Une opinion publiée dans Libé, "Et si on fichait la paix aux bobos?", venant après les boutades de Sarkozy (selon lui, les occupants de la place de la République seraient des bobos n'ayant rien dans la tête), mérite quelques commentaires.
L'auteur esquisse le portrait du bobo: classe moyenne, profession créative ou intellectuelle, venant parfois d'un milieu modeste, amateur de concerts, d'expositions, de théâtre, préférant faire ses courses au marché plutôt qu'au Monoprix, etc. Il définit le chanteur Renaud (auteur de la chanson "Les Bobos") comme un "sous-Pierre Perret dopé à l'anisette", ce qui est franchement drôle et bien trouvé.
Mais le fond de sa question est: pourquoi le bobo, qui n'affecte personne, est-il la cible de tant de railleries? Pourquoi est-il une forme de repoussoir, permettant de ridiculiser des prises de position progressiste - je cite: "Le mariage pour tous ? Une idée de bobos. L’écologie ? Un passe-temps de bobos. La fraternité ? Une lubie de bobos."
A croire que les bobos font peur. On les stigmatise pour mieux les neutraliser. Oui, c'est une conjonction de positions modestes et d'actes militants modestes qui génère des rassemblements place de la République. Cela fait un peu peur à des imbéciles attachés au pouvoir comme des moules à leur rocher. Cela dérange des petits cons violents et haineux qui se gavent de iPhone et de Nike hors de prix. Cela emmerde les commerçants qui voient des clients regarder les étiquettes pour vérifier les lieux de fabrication, ou les labels Max Havelaar ou FSC.
Dans une société abrutie par l'indifférence, la haine et les jeux vidéos, cela choque évidemment que des gens choisissent des modes de subversion adaptés à la société de consommation: précisément par des actes de consommation ou de non consommation. La préoccupation humanitaire ne consiste pas en s'extasier devant des enfants malnutris. Elle consiste à ne pas acheter de produits venant de pays dont les dirigeants exploitent les famines ou dont les travailleurs sont sous-payés. La préoccupation écologique - si loin des réalités quotidiennes du Français touché par la crise, dit-on - se manifeste par le choix de produits équitables, respectueux de l'environnement, et même par l'adhésion à une AMAP. Où en serait l'agriculture bio sans les bobos? Qui lit Pierre Rabhi? Des paysans militants et des bobos. Ils sont les maillons d'une même chaîne.
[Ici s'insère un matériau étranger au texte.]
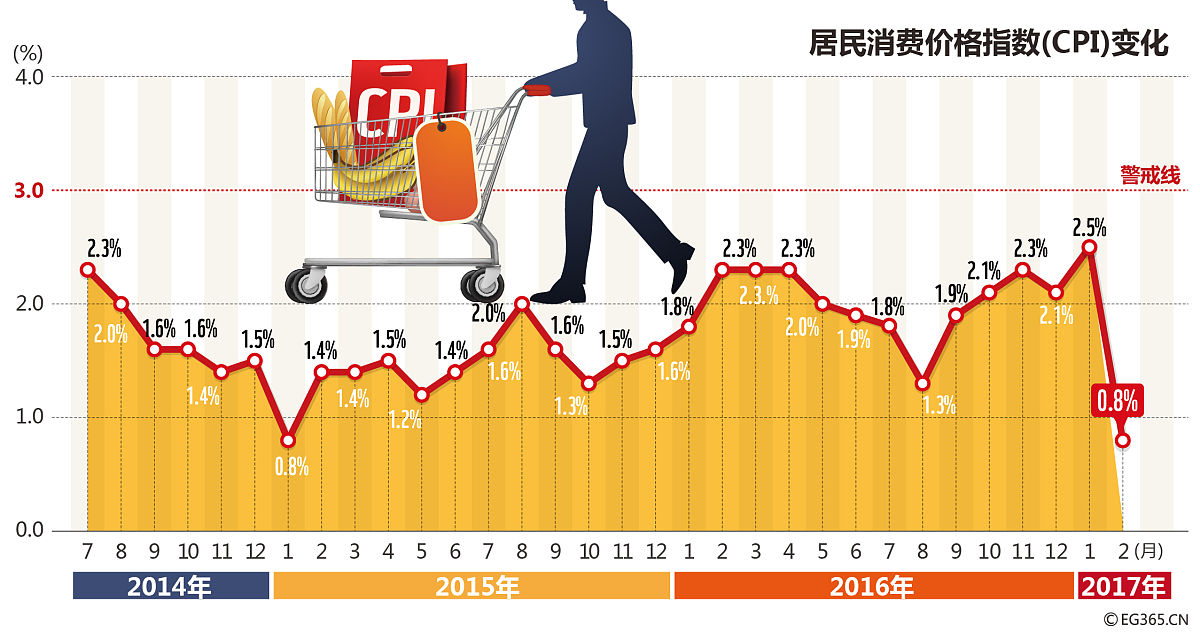 具体步骤计算EU欧亚遥相关指数输出1月份该指数年际变化的时间序列；计算EU遥相关指数与同期环流场500hPa高度场或海平面气压场的相关系数；计算EU遥相关指数与同期我国气温的相关系数。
Les idéologies alternatives au néo-libéralisme, lorsqu'elles sont imposées, dégénèrent en violence réelle ou symbolique. La Corée du Nord et l'Etat Islamique partagent bien des choses, notamment la haine de l'Occident. Et les soldats de l'Etat Islamique se gavent de Mars et de Bounty, vivant sur la bête martyrisée; les dirigeants nord-coréens ont créé une nation d'esclaves affamés. Le néolibéralisme, lui, est subtil: il laisse à chacun sa chance tout en savonnant la planche. Il s'empare des Etats en les tenant par la dette, par le chantage à la délocalisation ou à la spéculation. Il recrée cette aristocratie accapareuse qui accumule le blé dans ses greniers, redistribué au compte-goutte à ceux-là même qui l'ont produit. C'est au XVIIIe siècle que l'on retrouve une classe exploitée par une classe de nantis, des chaumières à l'ombre des palais.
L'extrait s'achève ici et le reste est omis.